Listening to music may help you exercise longer, finds study
Listening to music while exercising can help you work out for a longer time than those who do not have music playing in their ears, a team of researchers, including one of Indian origin, suggested.
Music can have a powerful impact on our mood, signalling the brain to release feel-good and energy-boosting chemicals.
Being inactive or not exercising ranks alongside high blood pressure, high cholesterol, smoking and obesity as one of the five major risk factors for cardiovascular disease.

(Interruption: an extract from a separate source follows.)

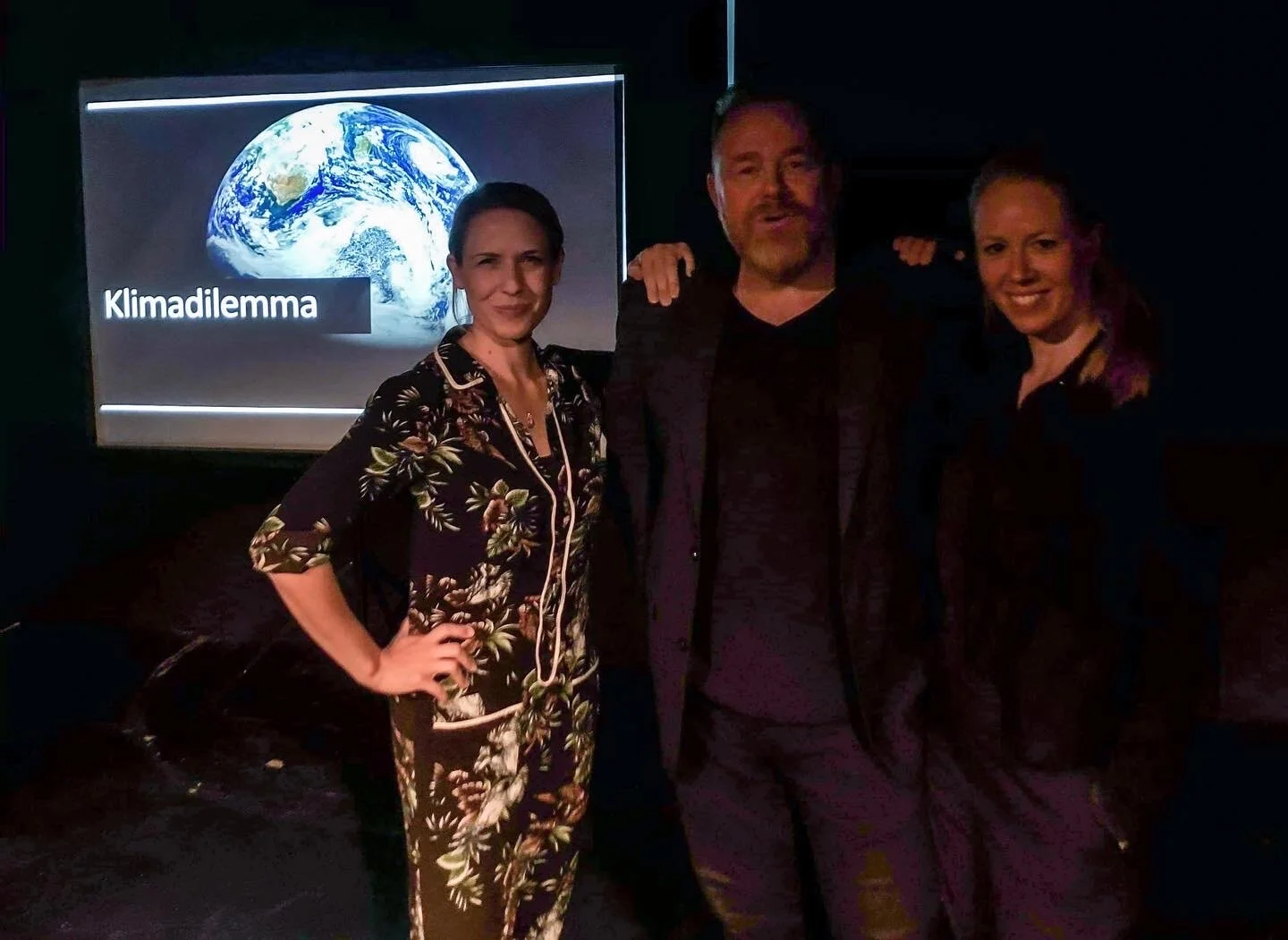 "Klimadilemma" på Zangenberg Teater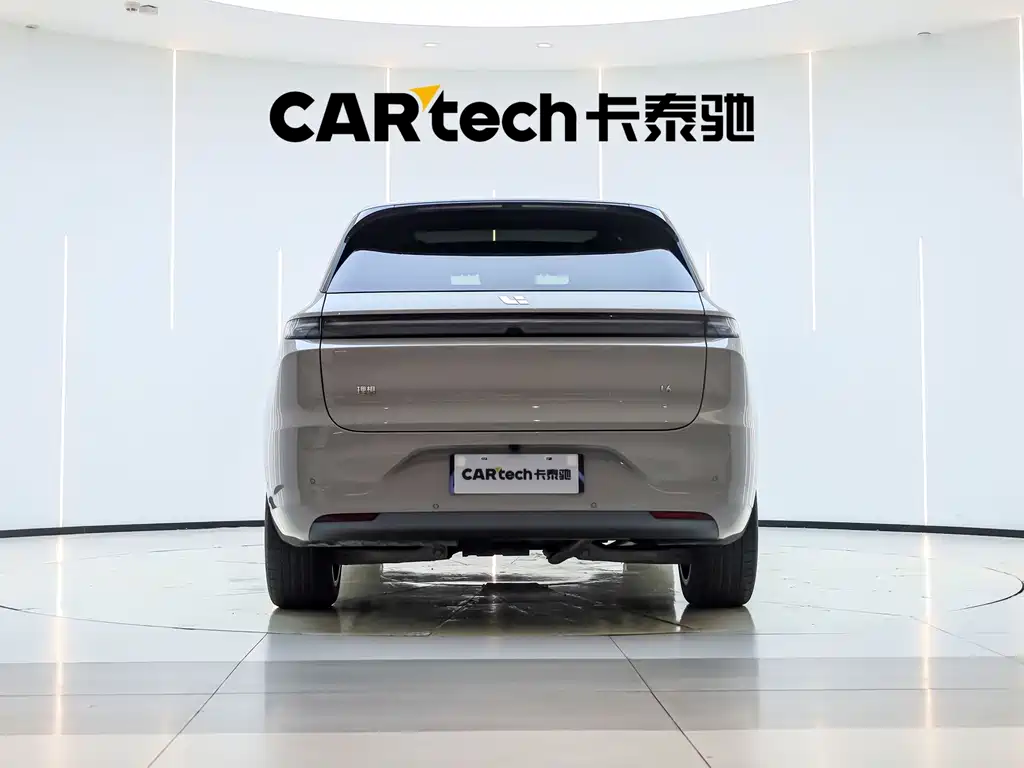 Li Auto Li L6 — миниатюра 3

"At least on a small scale, this study provides some evidence that music may help serve as an extra tool to help motivate someone to exercise more, which is critical to heart health," said lead author Waseem Shami, cardiology fellow at Texas Tech University Health Sciences in the US.
For the study, to be presented at the American College of Cardiology's 67th Annual Scientific Session in Orlando, the team randomly selected 127 heart patients in two groups for a routine electrocardiogram (ECG) treadmill stress test and assigned to either listen to up-tempo music or have no music playing during their stress tests.
The results showed that the exercise time was significantly longer in the music group compared with the control group, 505.8 versus 455.2 seconds, respectively -- an absolute difference of about 50.6 seconds.
Adults need to get at least 30 minutes of moderate (aerobic) activity most days, including taking a brisk walk, swimming, playing tennis, riding a bicycle, dancing, water aerobics, gardening and even busy housework, experts suggested.
"Our findings reinforce the idea that upbeat music has a synergistic effect in terms of making you want to exercise longer and stick with a daily exercise routine," Shami said.
"When doctors are recommending exercise, they might suggest listening to music too," he noted.